I’m the first to admit I’ve gone way overboard in the past, in my efforts to make a stone stony. But here, from my aforementioned story Amore, I offer my own example of what I’ll call NR: Necessary Rudeness. My unnamed narrator, a sixteen year old virgin, has gone on holiday – not by mistake, as Withnail would have it, but hoping to lose her virginity. As she lies on the beach, she indulges herself in a fantasy of how sex will be:

In his apartment the blinds will be down, and the rooms will be stripy with sunshine. They’ll sit on his single bed and they’ll suck at the cold tops of their beer bottles. What will he taste of? Hops. When he takes off his trunks, he will smell of the sea, and the tan lines framing his crotch will look like underpants and will seem to preserve his dignity.
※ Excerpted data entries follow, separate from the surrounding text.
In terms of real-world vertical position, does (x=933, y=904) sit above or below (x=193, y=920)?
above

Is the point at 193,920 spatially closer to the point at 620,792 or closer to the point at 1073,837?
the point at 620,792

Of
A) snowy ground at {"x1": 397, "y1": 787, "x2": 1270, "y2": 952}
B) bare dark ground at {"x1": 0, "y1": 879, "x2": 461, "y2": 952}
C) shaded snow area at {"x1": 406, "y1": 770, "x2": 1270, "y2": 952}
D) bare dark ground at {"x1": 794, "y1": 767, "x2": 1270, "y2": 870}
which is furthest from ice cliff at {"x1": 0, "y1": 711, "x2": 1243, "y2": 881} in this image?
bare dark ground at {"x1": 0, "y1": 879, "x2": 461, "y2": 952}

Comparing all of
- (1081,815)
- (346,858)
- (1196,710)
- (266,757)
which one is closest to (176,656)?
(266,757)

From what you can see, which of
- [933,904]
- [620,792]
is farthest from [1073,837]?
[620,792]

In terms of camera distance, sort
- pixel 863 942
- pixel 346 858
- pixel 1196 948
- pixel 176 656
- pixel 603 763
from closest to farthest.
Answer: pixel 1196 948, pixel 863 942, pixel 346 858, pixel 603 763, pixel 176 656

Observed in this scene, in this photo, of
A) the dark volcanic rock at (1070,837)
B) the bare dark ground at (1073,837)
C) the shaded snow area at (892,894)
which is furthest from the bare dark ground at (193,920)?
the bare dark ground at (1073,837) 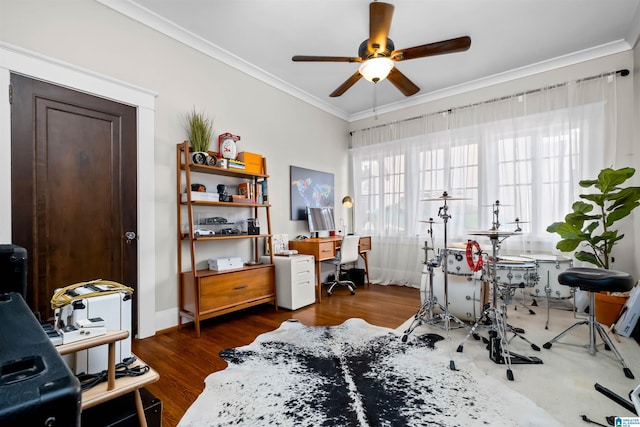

His thing will be smooth as an actual sausage; white, and shy-looking. Like a magic trick it will vanish inside her. What then? Bliss, and the seed coming out of him: like wee, she supposes.

And here, rather sadly, is the rude awakening of reality:

He tugs at the waist of his trunks and the purple stump that comes bounding out of them must be his penis, she thinks, because that’s where men keep them. A purple stump of veins and hair with a swollen wet end like an arrowhead.

I hope you’ll agree I couldn’t have made my point without reaching for a little Necessary Rudeness.

And you know what I’ve just realised? All these years later and I’m still bloody writing about willies.